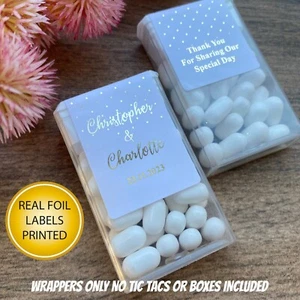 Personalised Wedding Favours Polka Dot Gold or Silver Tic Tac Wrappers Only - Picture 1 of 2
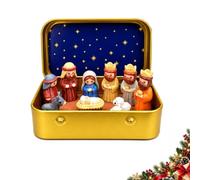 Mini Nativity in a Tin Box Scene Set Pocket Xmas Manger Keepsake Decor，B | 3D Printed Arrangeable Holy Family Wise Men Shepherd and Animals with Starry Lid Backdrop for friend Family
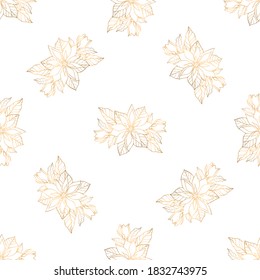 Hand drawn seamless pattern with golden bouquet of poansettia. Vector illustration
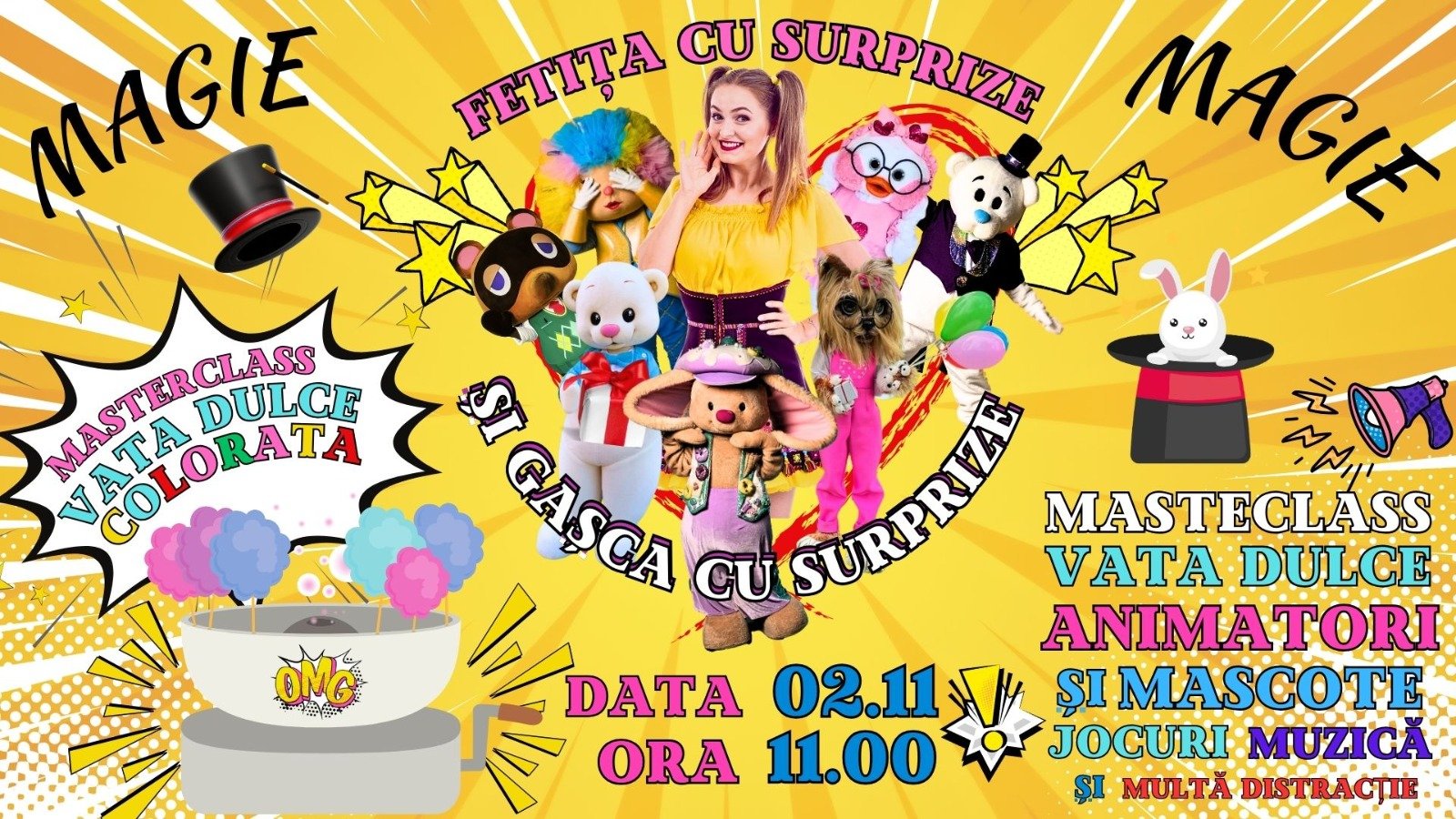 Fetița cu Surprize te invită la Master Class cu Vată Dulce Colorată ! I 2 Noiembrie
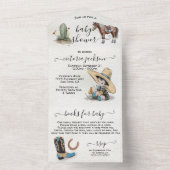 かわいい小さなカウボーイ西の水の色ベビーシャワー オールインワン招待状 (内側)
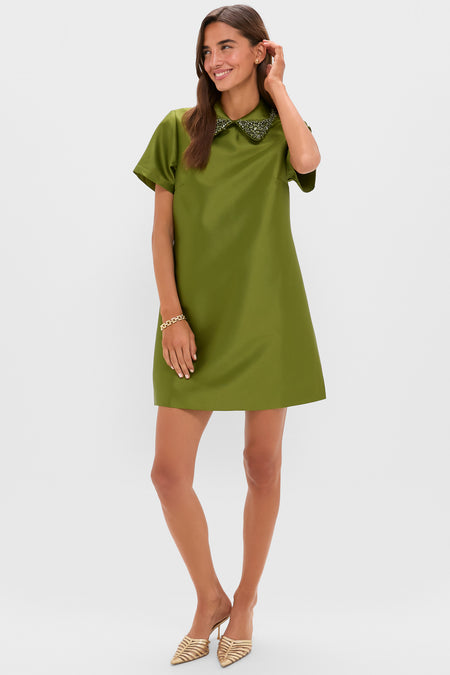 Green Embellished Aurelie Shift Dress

What you have to do:
Quote the entries in full. Any image among them is to be omitted from the copy.

Final answer:
 Personalised Wedding Favours Polka Dot Gold or Silver Tic Tac Wrappers Only - Picture 1 of 2
 Mini Nativity in a Tin Box Scene Set Pocket Xmas Manger Keepsake Decor，B | 3D Printed Arrangeable Holy Family Wise Men Shepherd and Animals with Starry Lid Backdrop for friend Family
 Hand drawn seamless pattern with golden bouquet of poansettia. Vector illustration
 Fetița cu Surprize te invită la Master Class cu Vată Dulce Colorată ! I 2 Noiembrie
 かわいい小さなカウボーイ西の水の色ベビーシャワー オールインワン招待状 (内側)
 Green Embellished Aurelie Shift Dress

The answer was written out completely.